Le bouleau est donc l'échelle pour grimper au ciel. Je cite ensuite le dernier paragraphe de cette partie, et souligne la fin parce que je la trouve juste et jolie :)
« Pourquoi le bouleau joue-t-il un tel rôle, plutôt que le sapin, par exemple, souvent considéré par les peuples du Nord de l'Asie comme l'Arbre cosmique ? Il est en effet loin d'avoir sa haute taille, Betula verrucosa Ehrh. ne dépasse pas 25 mètres, Betula pubescens est un peu plus petit, 15-20 mètres. Si leur croissance est rapide, ils ne vivent pas plus d'une centaine d'années, alors que le sapin peut atteuindre au moins 700 ans. Seulement, outre sa légèreté, son élégance, la beauté de son écorce d'un blanc argenté, de plus en plus pur vers la cime, le bouleau possède des qualités que lui reconnaissent toutes les traditions. C'est essentiellement un arbre de lumière. »

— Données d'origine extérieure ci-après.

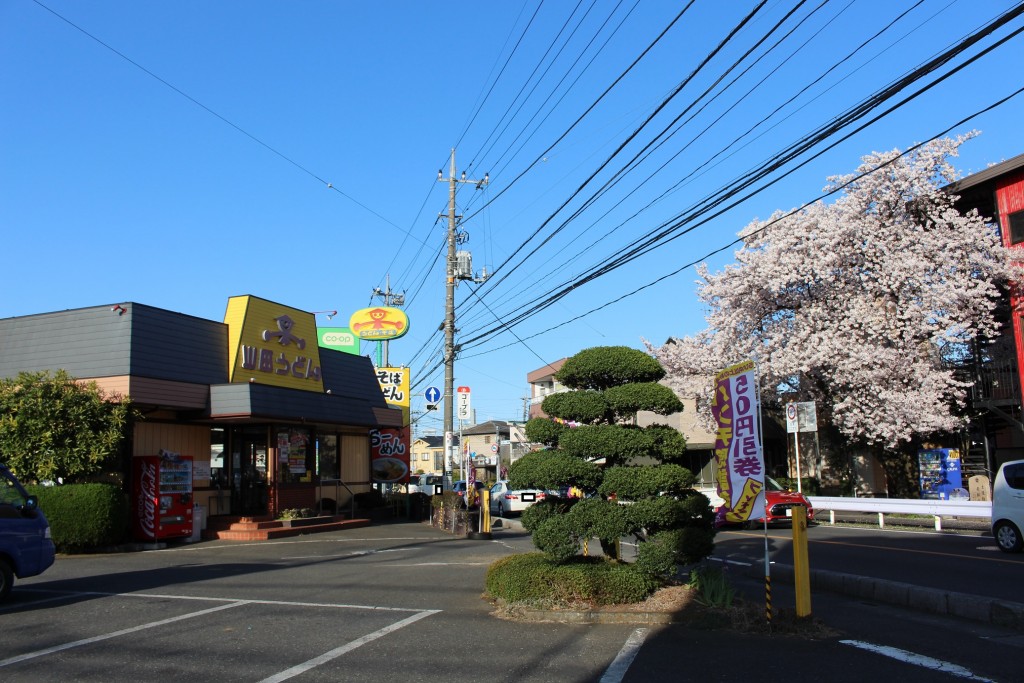 新所沢店の向かいに桜の木が。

Jacques Brosse, Mythologie des arbres ; ch.2, "L'échelle mystique", Sainte Brigitte et la Chandeleur :
« Aussi bien, dans l'"Alphabet des arbres", le calendrier sacré des Celtes, est-ce le bouleau qui préside au premier mois de l'année solaire (du 24 décembre au 21 janvier). Le bouleau est donc en rapport avec la renaissance du soleil. Bien que généralement consacré à la lune, sa peau délicate évoquant l'éclat argenté de la pleine lune, il l'est parfois au soleil et à la lune, mais, dans ce cas, il est double, mâle et femelle. Lors de la fête qui célèbre la remontée de la lumière, notre Chandeleur, le bouleau est particulièrement à l'honneur, en la personne de sainte Brigitte, dont le nom, Birgit, vient de la racine indo-européenne Bhirg, le bouleau, qui a donné birch en anglais et die Birke en allemand. Sainte Brigitte de Kildare, née dans la seconde moitié du Ve siècle, donnée par ses hagiographe comme la fille d'un chef de clan païen devenue l'une des patronnes de l'Irlande, était à l'origine une ancienne divinité celtique de la renaissance du feu et de la végétation, la propre fille de Dagda, le dieu suprême vénéré par les druides irlandais. [...] En Angleterre, on entretenait un feu perpétuel dans le temple d'une déess que les Romains identifiaient à Minerve, mais qui était en fait Birgit, à la fois guérisseuse et patronne des bardes -- lesquels peuvent être, à certains égards, comparés aux chamans -- et des forgerons. [...]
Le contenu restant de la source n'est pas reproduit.